» Exercise objective
Look below for the line with "ปกนิยาย Fic.Honkai เพื่อความสุขของพวกเธอ", then repeat it and all lines after it, exactly, minus any pictures.

» Data below
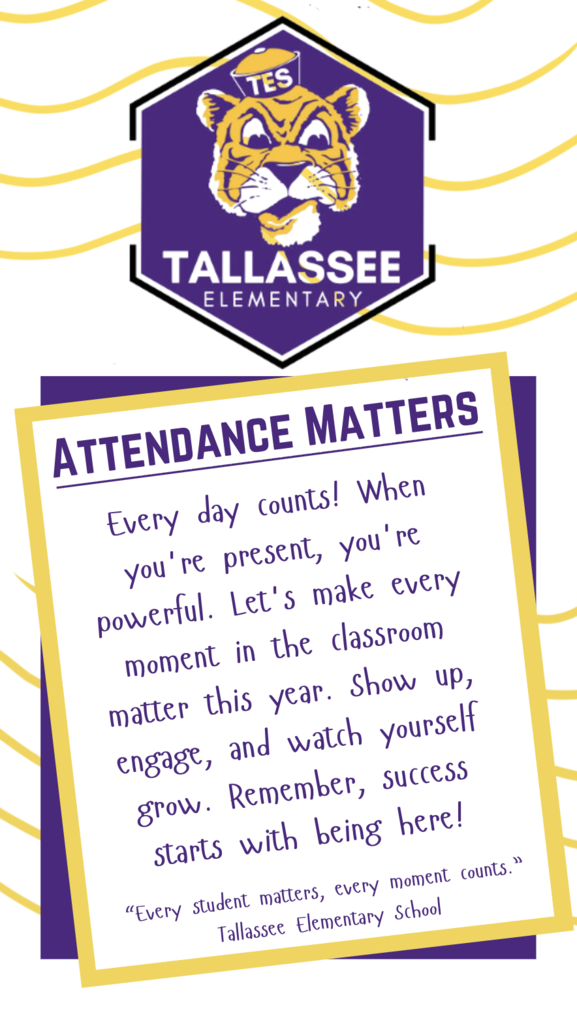Attendance Matters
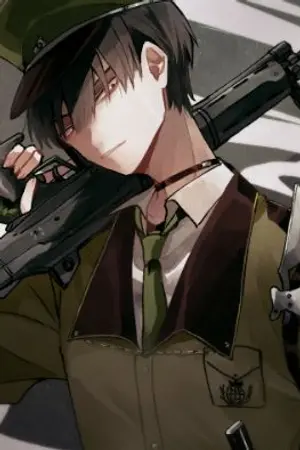 ปกนิยาย Fic.Honkai เพื่อความสุขของพวกเธอ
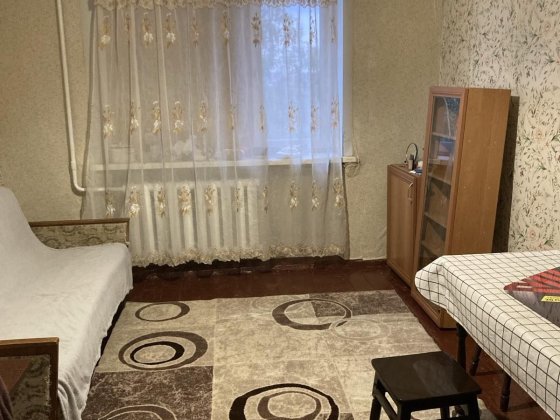 Оренда кімнати в гуртожитку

» Exercise output
 ปกนิยาย Fic.Honkai เพื่อความสุขของพวกเธอ
 Оренда кімнати в гуртожитку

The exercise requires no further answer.